2. The rights and freedoms of the individual and groups enshrined in this Chapter shall be respected, upheld and promoted by all organs and agencies of government and by all persons.
[24.] Protection of the fundamental human rights therefore, is a primary objective of every democratic constitution, and as such is an essential characteristic of democracy. In particular, protection of the right to freedom of expression is of great significance to democracy. It is the bedrock of democratic governance. Meaningful participation of the governed in their governance, which is the hallmark of democracy, is only assured through optimal exercise of the freedom of expression. This is as true in the new democracies as it is in the old ones. In R v Zundel (supra) at 205, the following excerpt from an earlier judgment in Edmonton Journal v Alberta (AG) (1989) 2 SCR 1326, was cited with approval:
It is difficult to imagine a guaranteed right more important to democratic society than freedom of expression. Indeed a democracy cannot exist without that freedom to express new ideas and to put forward opinions about the functioning of public institutions. The concept of free and uninhibited speech permeates all truly democratic societies and institutions.

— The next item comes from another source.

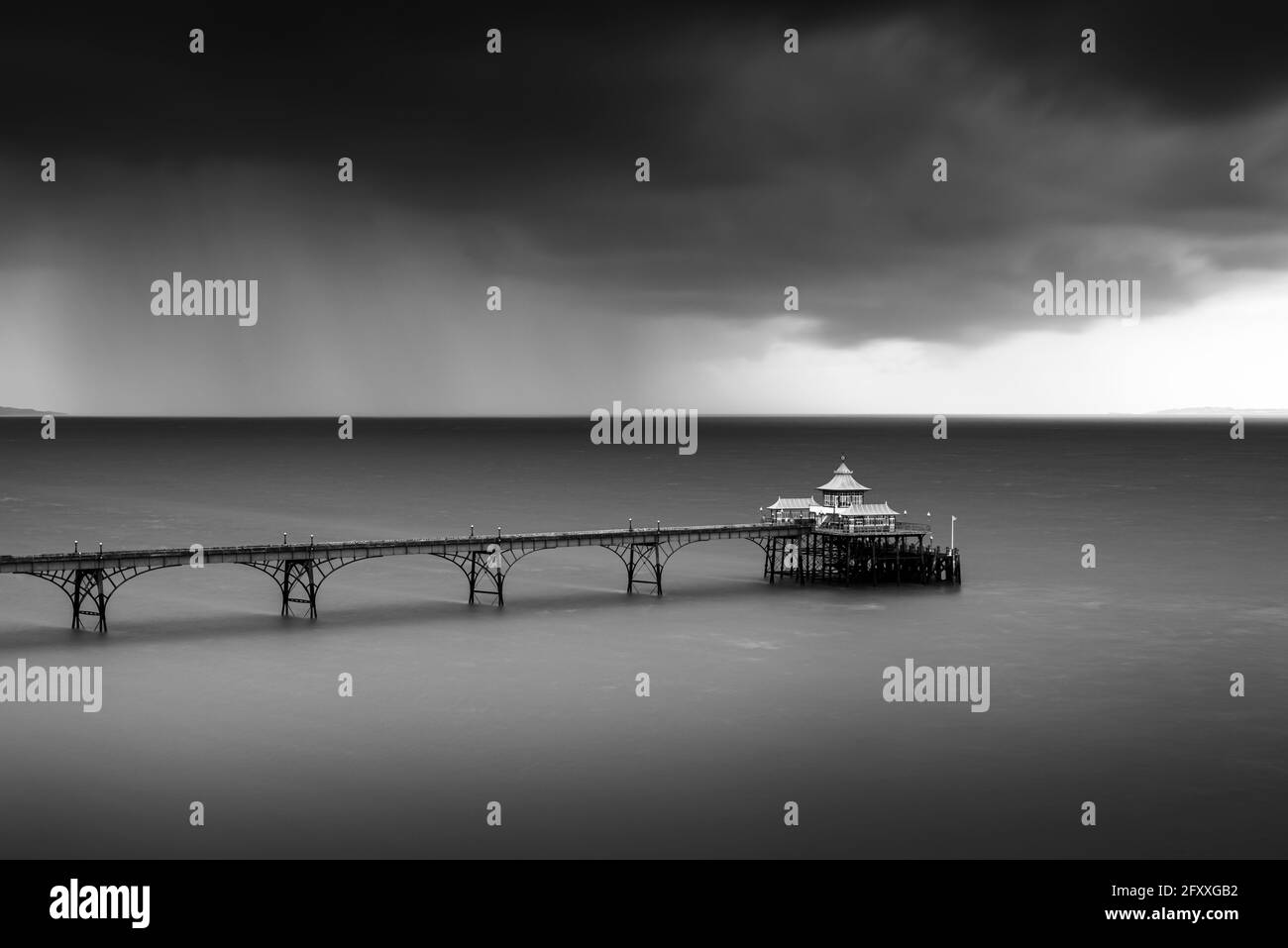 Molo di Clevedon alla foce del fiume Severn, Somerset del Nord, Inghilterra. Foto Stock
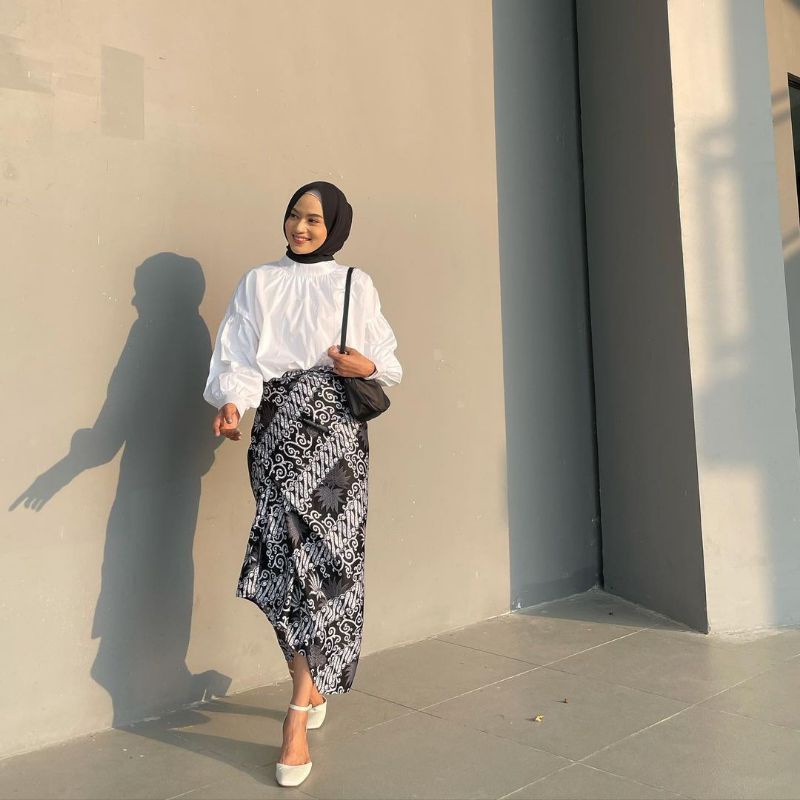 Rok lilit//kain lilit//rok batik//rok kebaya//rok//batik couple/Rok Batik Lilit Motif// Rok Kebaya Semi Sutra Lembut// Rok Bawahan Kebaya Moderen Terbaru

The vital importance of the concept cannot be over-emphasised. ... It seems that the rights enshrined in s 2(b) should therefore only be restricted in the clearest of circumstances.
[25.] The European Convention for the Protection of Human Rights and Fundamental Freedoms, protects the right to freedom of expression under article 10. In its judgment in the Lingens case, [application 9185/82, decided 8 July 1986], the European Court of Human Rights said:
Freedom of expression, as secured in paragraph 1 of article 10, constitutes one of the essential foundations of a democratic society and one of the basic conditions for its progress and for each individual's self-fulfilment. Subject to paragraph 2, it is applicable not only to 'information' or 'ideas' that are favourably received or regarded as inoffensive or as a matter of indifference but also to those that offend, shock or disturb. Such are the demands of that pluralism, tolerance and broadmindedness without which there is no 'democratic society'. ... These principles are of particular importance so far as the press is concerned. Whilst the press must not overstep the bounds set, inter alia, for the 'protection of the reputation of others', it is nevertheless incumbent on it to impart information and ideas on political issues just as those in other areas of public interest. Not only does the press have the task of imparting such information and ideas; the public also has a right to receive them. (See para 41).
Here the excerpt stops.